* _Task details_
Look in the listing below for the line that has "As part of the", then return it and each following line up to and including the one with "Alright guys, that's", exactly and without pictures.

* _Records to process_
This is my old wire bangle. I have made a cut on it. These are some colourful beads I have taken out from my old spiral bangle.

==

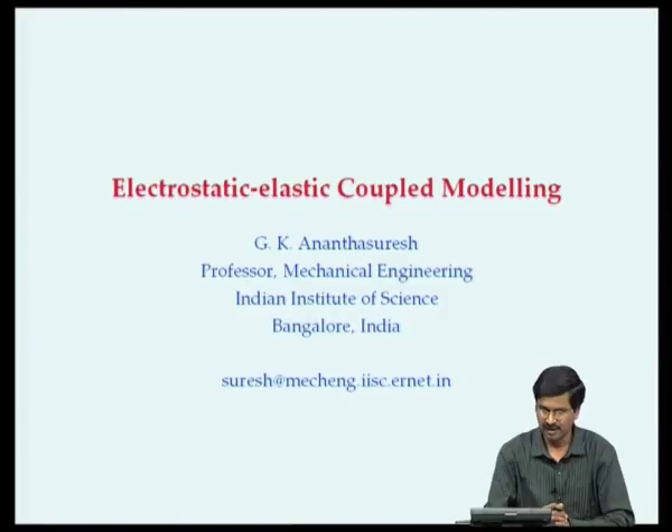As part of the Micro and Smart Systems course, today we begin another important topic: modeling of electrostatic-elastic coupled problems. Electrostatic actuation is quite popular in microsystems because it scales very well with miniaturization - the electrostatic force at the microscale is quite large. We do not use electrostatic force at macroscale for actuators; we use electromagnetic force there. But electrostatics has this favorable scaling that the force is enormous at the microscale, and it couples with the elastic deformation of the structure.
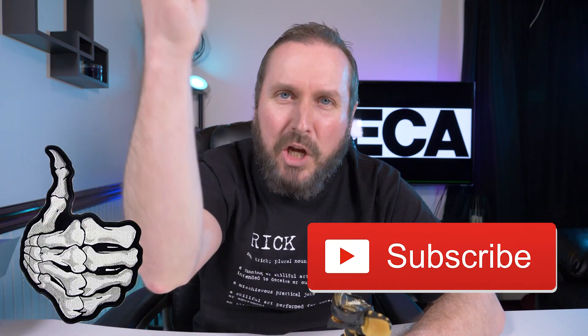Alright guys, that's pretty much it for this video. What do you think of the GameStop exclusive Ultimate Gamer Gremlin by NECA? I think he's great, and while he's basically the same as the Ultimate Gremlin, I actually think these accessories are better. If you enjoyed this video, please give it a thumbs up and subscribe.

* _Expected answer_
As part of the Micro and Smart Systems course, today we begin another important topic: modeling of electrostatic-elastic coupled problems. Electrostatic actuation is quite popular in microsystems because it scales very well with miniaturization - the electrostatic force at the microscale is quite large. We do not use electrostatic force at macroscale for actuators; we use electromagnetic force there. But electrostatics has this favorable scaling that the force is enormous at the microscale, and it couples with the elastic deformation of the structure.
Alright guys, that's pretty much it for this video. What do you think of the GameStop exclusive Ultimate Gamer Gremlin by NECA? I think he's great, and while he's basically the same as the Ultimate Gremlin, I actually think these accessories are better. If you enjoyed this video, please give it a thumbs up and subscribe.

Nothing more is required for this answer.